When you’re dating someone and marriage is potentially on the horizon, it’s important to discuss a number of different things. Of course, regular conversations will come up early on in your dating. Things like hobbies, jobs, and other relatively easy topics to talk about.
When things start getting serious in a relationship, though, some more difficult conversations need to be had. Things like specifically how much money the other person makes? What are your life-long goals? Do you want kids? Some of these conversations can be deal-breakers, and many of them are private.
Especially when you start talking about STD’s.
Be Open and Honest About STD’s
No, I’m not talking about those STD’s. I’m talking about Sexually Transmitted Debt.
Debt is one of those things that few people enjoy talking about. There’s nothing to be ashamed of when talking about any debt you have. Some debt can be “good” such as a mortgage or some student loan debt. Other debt can be “bad”: high interest debts including credit cards, car loans, etc.
I won’t get into specifics on if this is generally perceived as “right” or not. The fact is, all other things being equal, having no debt at all is way better than having debt.
Having this potentially-difficult conversation shouldn’t be a time to judge. Opening up about your STD’s isn’t an easy thing to do. It can be embarrassing to admit all the credit cards you’ve been with. If it helps, grab a beer (or two or three) and sit down to really talk about your STD’s – and other important topics like net worth – with your partner.
Get the Treatment You Need For STD’s
After admitting you have an STD (or many, if you used to get around financially) it’s time to prescribe a treatment plan. Some STD’s can be stubborn and difficult to get out of your system. It may take several months, maybe years, to fully rid yourself of them.
That’s okay – as long as you’re making progress consistently you’re in good shape. The quicker you can pay off your debt though, the quicker you can start building a significant nest egg.
The two approaches I like the most for tackling STD’s (or any kind of debt) are the “Debt Snowball” and “Debt Avalanche” methods.
Popularized by Dave Ramsey, the Debt Snowball behaves exactly as you’d expect a snowball to: start small, and work your way up. Simply order your debts from smallest to largest, pay the minimum toward everything except the smallest. Throw every spare dollar you can at that debt. Once it’s paid off, rinse and repeat.

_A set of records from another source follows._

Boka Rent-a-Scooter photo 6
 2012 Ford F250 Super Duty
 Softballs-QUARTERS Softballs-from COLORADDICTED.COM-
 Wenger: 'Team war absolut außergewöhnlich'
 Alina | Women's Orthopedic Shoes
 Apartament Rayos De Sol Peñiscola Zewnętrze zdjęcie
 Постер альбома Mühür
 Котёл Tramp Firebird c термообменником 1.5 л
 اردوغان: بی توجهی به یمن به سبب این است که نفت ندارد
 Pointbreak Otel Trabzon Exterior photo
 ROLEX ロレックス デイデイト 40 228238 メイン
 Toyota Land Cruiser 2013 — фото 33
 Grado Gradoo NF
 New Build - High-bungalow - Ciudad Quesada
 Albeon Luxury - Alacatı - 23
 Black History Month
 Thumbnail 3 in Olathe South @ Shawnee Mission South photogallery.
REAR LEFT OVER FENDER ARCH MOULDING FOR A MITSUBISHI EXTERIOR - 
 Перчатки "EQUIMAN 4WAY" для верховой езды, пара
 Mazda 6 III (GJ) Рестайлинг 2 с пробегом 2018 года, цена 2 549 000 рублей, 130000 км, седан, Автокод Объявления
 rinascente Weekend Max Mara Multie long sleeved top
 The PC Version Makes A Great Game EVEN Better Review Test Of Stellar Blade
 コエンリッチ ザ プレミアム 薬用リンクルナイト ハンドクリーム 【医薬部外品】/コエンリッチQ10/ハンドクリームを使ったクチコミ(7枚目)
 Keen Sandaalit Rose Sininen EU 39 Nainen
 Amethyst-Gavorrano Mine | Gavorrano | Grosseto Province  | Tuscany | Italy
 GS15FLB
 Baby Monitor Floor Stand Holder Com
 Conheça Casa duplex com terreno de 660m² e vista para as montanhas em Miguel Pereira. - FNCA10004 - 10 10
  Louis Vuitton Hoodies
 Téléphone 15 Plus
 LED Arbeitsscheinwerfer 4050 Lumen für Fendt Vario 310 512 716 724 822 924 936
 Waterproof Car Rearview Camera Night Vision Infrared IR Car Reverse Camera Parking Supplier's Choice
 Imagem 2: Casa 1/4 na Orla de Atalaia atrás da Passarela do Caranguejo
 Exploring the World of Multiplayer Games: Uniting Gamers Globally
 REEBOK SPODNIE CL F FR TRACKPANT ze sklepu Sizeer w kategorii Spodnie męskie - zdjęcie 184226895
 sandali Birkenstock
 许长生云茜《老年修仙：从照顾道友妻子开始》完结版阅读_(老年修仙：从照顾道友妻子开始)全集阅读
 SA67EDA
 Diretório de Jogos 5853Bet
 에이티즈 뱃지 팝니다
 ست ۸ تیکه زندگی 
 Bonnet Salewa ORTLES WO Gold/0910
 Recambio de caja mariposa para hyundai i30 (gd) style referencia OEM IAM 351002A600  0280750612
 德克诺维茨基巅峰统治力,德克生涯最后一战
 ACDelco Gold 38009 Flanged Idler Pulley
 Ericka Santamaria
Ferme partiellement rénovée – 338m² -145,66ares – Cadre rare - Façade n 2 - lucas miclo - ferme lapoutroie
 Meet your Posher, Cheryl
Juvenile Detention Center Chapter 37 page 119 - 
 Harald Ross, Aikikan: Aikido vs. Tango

The Debt Avalanche is another popular method advocated by math nerds. Instead of focusing on STD’s that are the easiest to treat first, this methodology focuses on debts with the highest interest rates. The idea here is that the debts with the highest interest rates will yield the highest ROI on your money.
It’s sound logic, and makes a lot of sense. However it can also mean paying on some of your biggest debts for a long time. When that happens, you won’t see the number of accounts you owe on go down, which can be disheartening.
Mathematically this is a more effective way to tackle STD’s. Psychologically, the quicker wins realized by the Snowball method may have more benefit to keep you motivated. Which one works for you will largely be determined by your personality, but both are effective.
After your STD’s are cured, don’t forget to snowball that money into investments!
STD Free – The Way To Be
I’ve been debt free since 2012 (that’ll change with a mortgage coming in less than a month). Kristin, on the other hand, did have some STD’s. It was nothing super serious – just some credit card debt that she was already working on taking care of.
While we were dating, we agreed that it’d be her responsibility, and she tackled them furiously and successfully. A few months later, those STD’s cleared up and we went into our marriage totally free of them.
It doesn’t particularly matter how you address your STD’s, as long as you get them taken care of. Since personal finance is personal, what worked for us might not necessarily work for you. But having a plan to address the STD’s – along with the budget to support it – is important for your financial futures together.
Did you have any STD’s when you got married? If you’re not married yet, would you have any major concerns if your partner had STD’s?